Il était une fois un navire publicitaire, fier et fringant, qu’on appelait autrefois l’OGP. Un bateau d’État censé réguler les flots des affiches, des spots et des slogans criards sur tout le territoire guinéen. Oui, censé. Car à force de ramer à contre-courant, sans boussole ni capitaine digne de ce nom, le navire avait fini par dériver. Lentement. Puis brutalement. Jusqu’à ce qu’un jour, on se rende compte qu’il n’y avait plus de carburant, plus de cartes, plus d’équipage motivé, plus rien. À peine de quoi acheter un sachet d’eau glacée pour le vigile de nuit : 146 000 GNF dans la caisse. On a vu naufrage plus élégant.

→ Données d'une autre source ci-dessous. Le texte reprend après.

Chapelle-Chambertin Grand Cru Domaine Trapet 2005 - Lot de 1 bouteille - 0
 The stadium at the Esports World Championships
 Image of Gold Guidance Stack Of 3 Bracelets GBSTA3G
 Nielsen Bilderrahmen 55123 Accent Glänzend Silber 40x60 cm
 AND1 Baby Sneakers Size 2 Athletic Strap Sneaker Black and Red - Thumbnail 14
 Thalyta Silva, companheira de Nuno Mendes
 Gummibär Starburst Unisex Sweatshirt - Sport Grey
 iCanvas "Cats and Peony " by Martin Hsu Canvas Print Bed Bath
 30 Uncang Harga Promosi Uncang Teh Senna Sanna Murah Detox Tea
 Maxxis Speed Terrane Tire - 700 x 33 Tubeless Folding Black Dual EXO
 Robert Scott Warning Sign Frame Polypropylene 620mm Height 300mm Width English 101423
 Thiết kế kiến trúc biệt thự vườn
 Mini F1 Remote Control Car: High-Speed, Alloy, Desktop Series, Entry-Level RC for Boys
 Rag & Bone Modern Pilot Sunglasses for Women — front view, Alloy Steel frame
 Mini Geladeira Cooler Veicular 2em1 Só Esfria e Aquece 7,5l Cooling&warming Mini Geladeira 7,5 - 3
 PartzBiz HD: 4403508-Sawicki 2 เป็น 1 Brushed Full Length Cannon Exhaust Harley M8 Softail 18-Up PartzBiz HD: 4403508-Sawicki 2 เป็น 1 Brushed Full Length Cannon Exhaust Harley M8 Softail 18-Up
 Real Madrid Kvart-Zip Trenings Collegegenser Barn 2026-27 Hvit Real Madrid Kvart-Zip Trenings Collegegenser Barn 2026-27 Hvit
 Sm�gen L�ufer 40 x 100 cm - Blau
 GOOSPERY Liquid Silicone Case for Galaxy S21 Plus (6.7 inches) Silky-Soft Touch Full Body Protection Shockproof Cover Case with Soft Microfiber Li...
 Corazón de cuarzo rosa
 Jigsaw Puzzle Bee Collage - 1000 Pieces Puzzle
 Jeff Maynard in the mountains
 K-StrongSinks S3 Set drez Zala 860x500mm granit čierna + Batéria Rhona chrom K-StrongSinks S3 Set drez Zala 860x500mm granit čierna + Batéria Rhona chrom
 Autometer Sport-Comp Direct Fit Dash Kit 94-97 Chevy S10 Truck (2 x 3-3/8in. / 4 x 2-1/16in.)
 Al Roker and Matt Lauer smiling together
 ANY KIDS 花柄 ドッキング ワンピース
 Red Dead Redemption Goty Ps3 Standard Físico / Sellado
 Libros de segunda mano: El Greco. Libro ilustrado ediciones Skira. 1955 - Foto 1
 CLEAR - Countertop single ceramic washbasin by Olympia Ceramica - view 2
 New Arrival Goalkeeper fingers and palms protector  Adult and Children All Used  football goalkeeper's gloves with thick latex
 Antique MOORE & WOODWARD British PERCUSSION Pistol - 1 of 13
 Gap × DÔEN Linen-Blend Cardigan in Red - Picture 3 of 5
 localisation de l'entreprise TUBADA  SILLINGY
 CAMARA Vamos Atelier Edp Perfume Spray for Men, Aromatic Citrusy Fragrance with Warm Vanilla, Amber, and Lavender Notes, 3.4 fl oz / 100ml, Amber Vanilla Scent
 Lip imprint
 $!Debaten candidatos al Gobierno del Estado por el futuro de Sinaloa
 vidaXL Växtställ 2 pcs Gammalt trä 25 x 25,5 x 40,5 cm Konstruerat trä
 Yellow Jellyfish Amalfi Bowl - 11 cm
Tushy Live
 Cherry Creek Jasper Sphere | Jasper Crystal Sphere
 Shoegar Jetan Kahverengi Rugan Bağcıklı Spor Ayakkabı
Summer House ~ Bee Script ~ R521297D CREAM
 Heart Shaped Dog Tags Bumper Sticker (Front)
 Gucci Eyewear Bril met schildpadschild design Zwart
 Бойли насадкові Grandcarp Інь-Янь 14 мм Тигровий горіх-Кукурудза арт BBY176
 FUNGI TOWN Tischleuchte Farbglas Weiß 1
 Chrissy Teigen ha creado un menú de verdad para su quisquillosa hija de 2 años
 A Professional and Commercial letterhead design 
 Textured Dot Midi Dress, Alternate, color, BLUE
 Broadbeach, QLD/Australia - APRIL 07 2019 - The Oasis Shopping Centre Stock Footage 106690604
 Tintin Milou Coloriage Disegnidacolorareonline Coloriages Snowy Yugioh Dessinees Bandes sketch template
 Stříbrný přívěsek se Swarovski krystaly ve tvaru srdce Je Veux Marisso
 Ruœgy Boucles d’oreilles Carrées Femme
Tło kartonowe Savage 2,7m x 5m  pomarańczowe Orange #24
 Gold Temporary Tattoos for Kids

C’est dans cette ambiance de radeau de la Méduse que débarque, le 20 décembre 2024, un homme au calme olympien mais à la détermination froide : Aladji Cellou Camara. Un ancien journaliste, pas du genre à faire du buzz, mais plutôt à faire le boulot. Et visiblement, le boulot, il connaît. En cent jours chrono, il entreprend de sauver le bateau OGP du fond des abysses où il avait été échoué — volontairement ou pas, l’Histoire jugera.
Les dettes ? Un Everest. La motivation ? Une crevasse. Et pourtant…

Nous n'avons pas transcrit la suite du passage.